Privacy-Preserving AI for 6G: Regulatory Compliance and Technical Solutions
Prof. Catuscia Palamidessi, Dr. Ehsan Toreini — INRIA / Durham University
This paper bridges the gap between privacy regulations (GDPR, AI Act) and technical solutions for AI in 6G networks. We map regulatory requirements to specific privacy-preserving techniques including differential privacy, secure multi-party computation, and homomorphic encryption. Performance evaluation shows that differential privacy adds only 2-5% overhead for network optimization tasks while providing formal privacy guarantees compliant with GDPR and the EU AI Act.

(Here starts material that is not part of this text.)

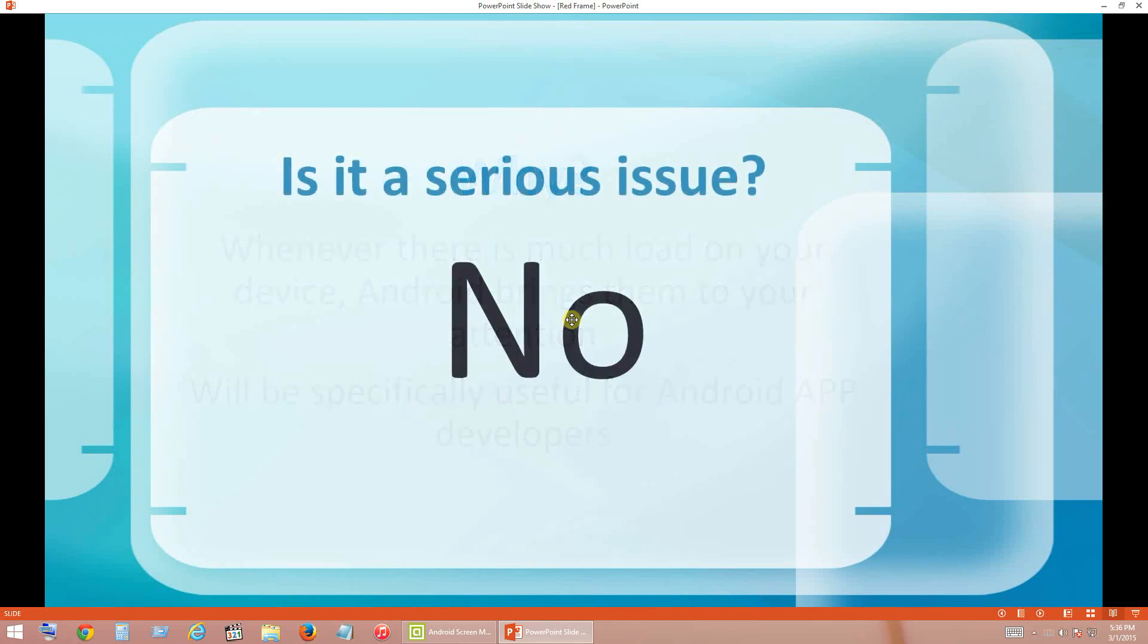Next thing I would like to tell is if you ask me whether it is a serious issue - no, it is not a critical issue. It is just a notification from the Android operating system. So now we will see how to fix it.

Open RAN and AI: Standardization Gaps and Research Directions
Dr. Michele Polese, Prof. Tommaso Melodia — Northeastern University
This paper identifies and analyzes the standardization gaps at the intersection of Open RAN and AI in the O-RAN Alliance specifications. We evaluate the current RIC (RAN Intelligent Controller) architecture against the requirements of advanced AI workloads including deep reinforcement learning and federated learning. Seven critical gaps are identified, including model lifecycle management, real-time inference latency bounds, and multi-vendor AI interoperability. We propose solutions for each gap and prioritize them for standardization.
AI/ML Standardization in 3GPP Release 19: Progress and Gaps
Dr. Yusuf Ozturk, 3GPP RAN1 Delegation — Samsung Research / 3GPP
This paper provides a comprehensive analysis of AI/ML standardization progress in 3GPP Release 19, covering air interface enhancements, network automation, and management. We catalog all AI-related study items and work items, assess their completion status, and identify critical gaps that remain for Release 20 and beyond. Key findings indicate that while basic AI framework specifications are maturing, critical areas including model lifecycle management, federated learning support, and real-time inference specifications still require significant work before 6G.